Personal information
- Full name: Mohd Haizal Faquan Bin Sadarudin
- Date of birth: 15 February 1991 (age 35)
- Place of birth: Ipoh, Perak, Malaysia
- Height: 1.70 m (5 ft 7 in)
- Position: Defender

Team information
- Current team: PJ Rangers

Youth career
- 2012–: Perak FA

Senior career*
- Years: Team / Apps / (Gls)
- 2013–2014: Perak FA / 13 / (0)
- 2015: DRB-Hicom F.C. / 0 / (0)

= Mohd Haizal Faquan Sadarudin =

Malaysian footballer

Mohd Haizal Faquan Sadarudin (born 15 February 1991) is a Malaysian footballer. He currently played as a defender for DRB-Hicom F.C.

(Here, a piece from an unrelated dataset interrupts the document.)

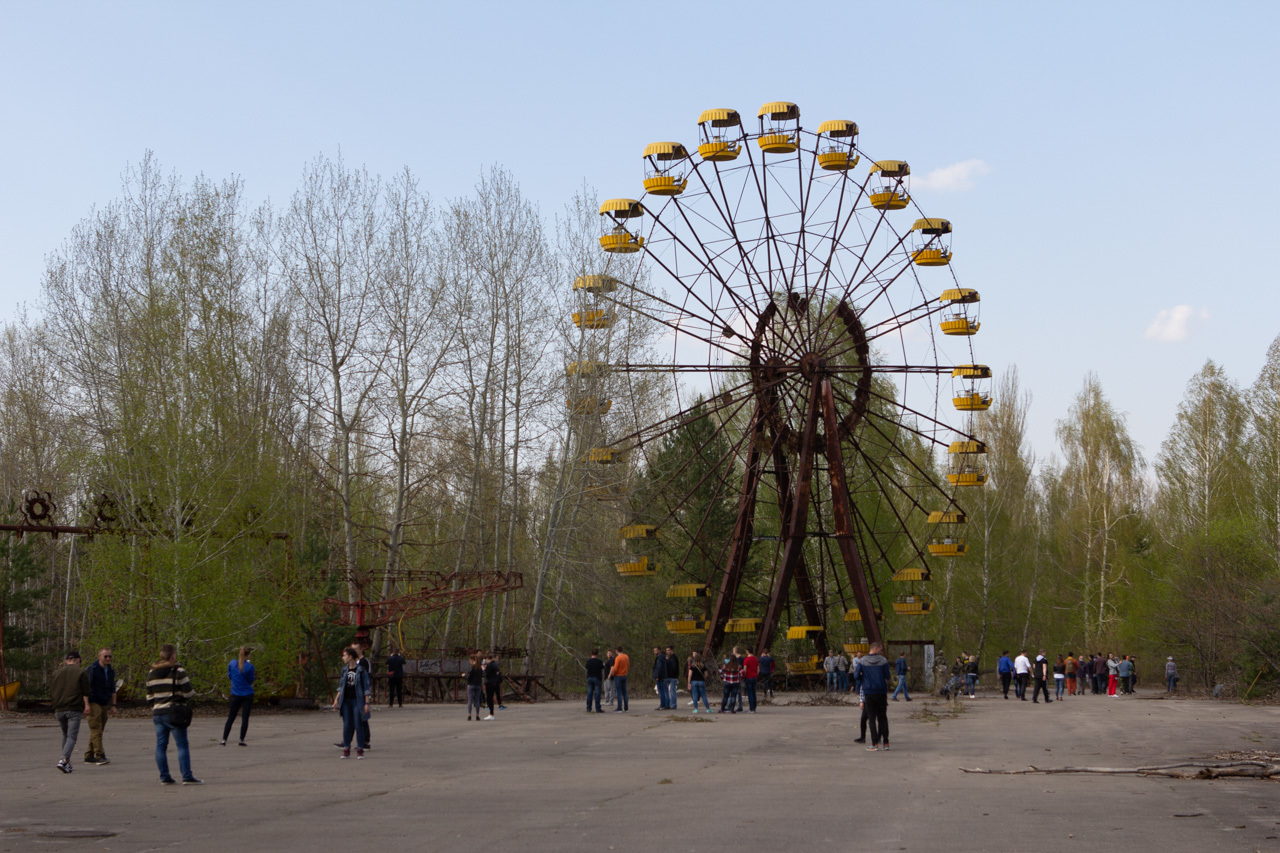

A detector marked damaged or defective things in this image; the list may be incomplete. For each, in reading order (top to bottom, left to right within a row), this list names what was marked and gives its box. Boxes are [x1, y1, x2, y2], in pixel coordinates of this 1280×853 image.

rusty metal structure [584, 101, 984, 672]
rusted steel beam [824, 380, 884, 644]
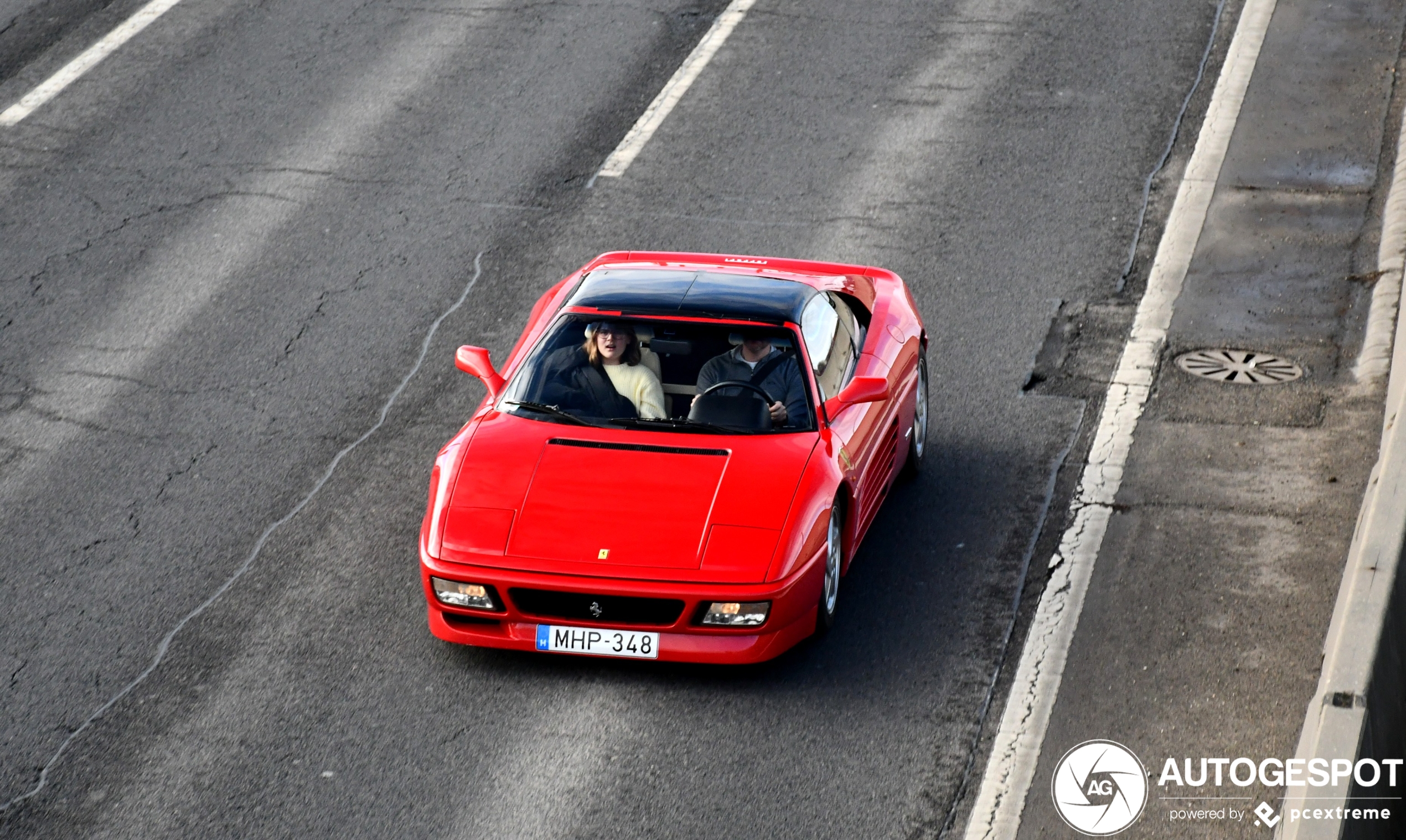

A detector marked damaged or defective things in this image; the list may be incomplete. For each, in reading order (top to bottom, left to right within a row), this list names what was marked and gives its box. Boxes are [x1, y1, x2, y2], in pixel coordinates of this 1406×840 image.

Starting his career at Perak youth system, he was in the Perak under-23 team that won 2012 Malaysia President Cup and 2012 King's Gold Cup. He was promoted to the senior team for the 2013 Malaysia Super League campaign. Due to injuries and suspensions to the senior players, Haizal made his league debut on 15 January 2013 in a match against Felda United FC.

Haizal's contract with Perak was terminated in early April 2014 due to long term injuries, which restricted his appearances to only one league game in the 2014 Super League season.